= Franzone =

Franzone (died 2 January 1477) was a servant of the Lampugnani family of Milan, and a figure in the assassination of Galeazzo Maria Sforza, the Duke of Milan.

Franzone was a servant to Giovanni Andrea Lampugnani, the head conspirator in a plot to assassinate the Milanese Duke.

Little is known about his life up to the assassination, in which Franzone was on hand in the Church of Santo Stefano, along with the three assassins and about thirty other supporters.

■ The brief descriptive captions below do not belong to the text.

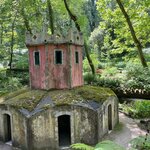 Photo taken by Lynn R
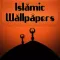 Islamic Wallpapers HD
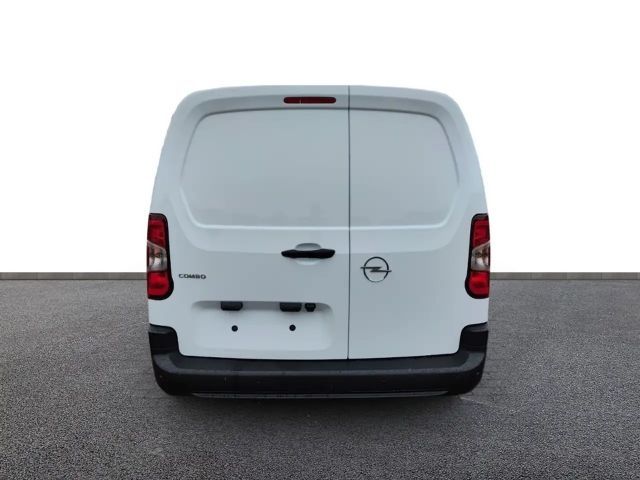 Opel Combo business+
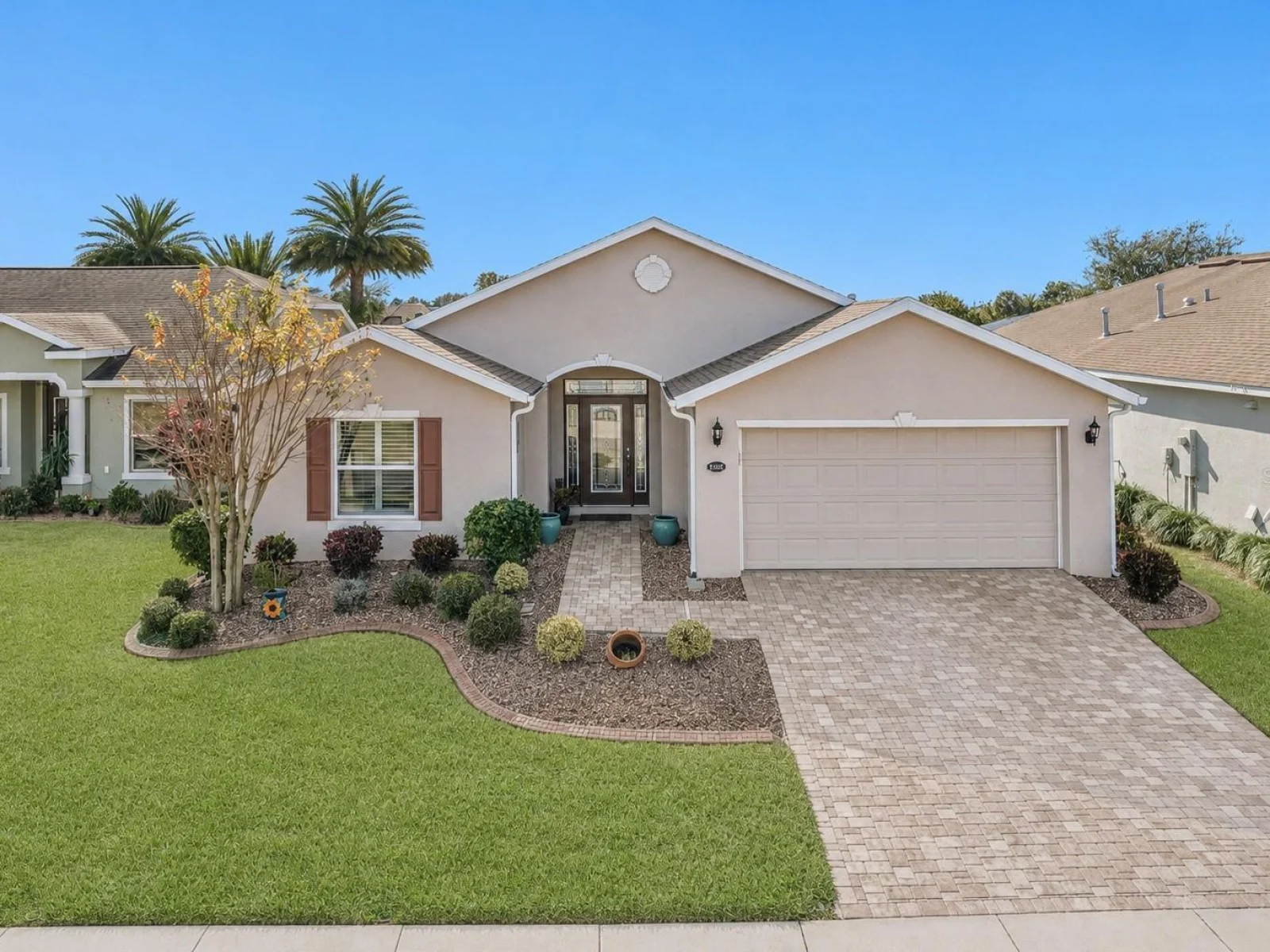 27143 ROANOKE DR, LEESBURG, FL — photo 4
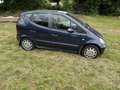 Mercedes-Benz A 140 Avantgarde - thumbnail 4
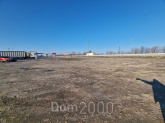 Продам земельну ділянку - м. Біла Церква (10730-975) | Dom2000.com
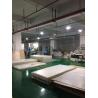 Buy cheap 12mm Custom Acrylic Products from wholesalers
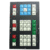 FANUC A98L-0001-0524#CH Keypad Membrane Protective Film #AM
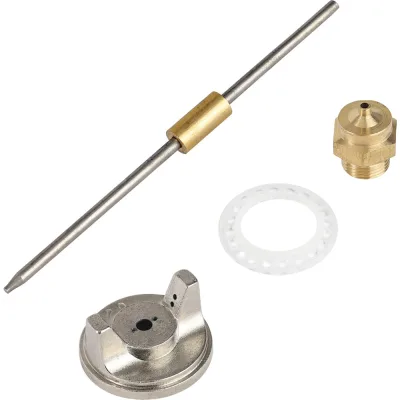 Сопло для краскораспылителя NHP 2.0 PATRIOT 830902006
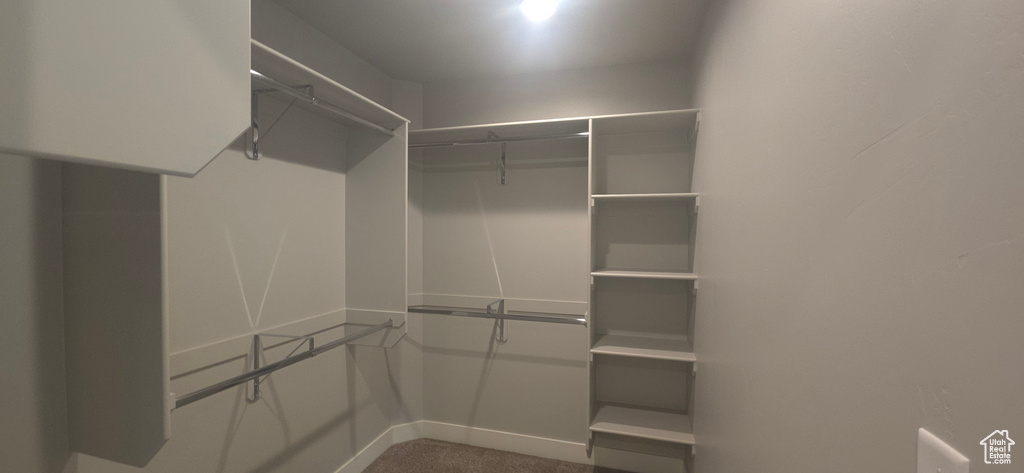 1306 N 350 W #38 Brigham City, UT 84302
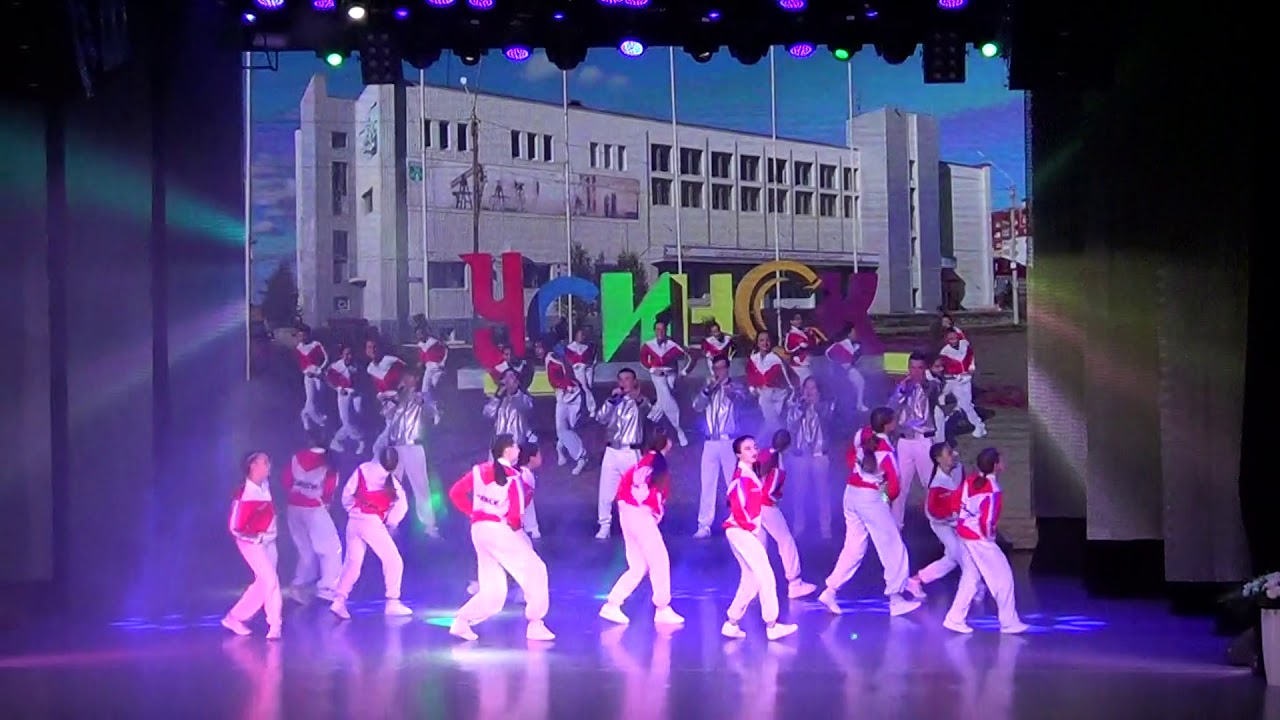 Вокальная студия "АВИС" - Республика Коми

When the Duke's procession arrived at Mass, Lampugnani and the two other assassins (Gerolamo Olgiati and Carlo Visconti) stepped before the Duke, Lampugnani going down on one knee. After a brief exchange of words, Lampugnani rose suddenly, stabbing the Duke in the groin and chest. Soon he was joined by Franzone, Visconti and Olgiati. As the Duke bled to death in the church, one witness claims that Franzone plunged his hands directly into the flowing blood.

In the pandemonium that immediately ensued, Franzone made his escape, as did all the other assassins except Lampugnani, who was killed. Franzone was found the next day, however, given away by his stockings which displayed the Lampugnani colours. Summarily tortured, he gave up the identities of Visconti and Olgiati, and the three were publicly executed on 2 January 1477. The bodies of the three men were torn from groin to neck and affixed to the gates of Milan as a warning to others; the heads were separated and displayed on lances on the city's belltower.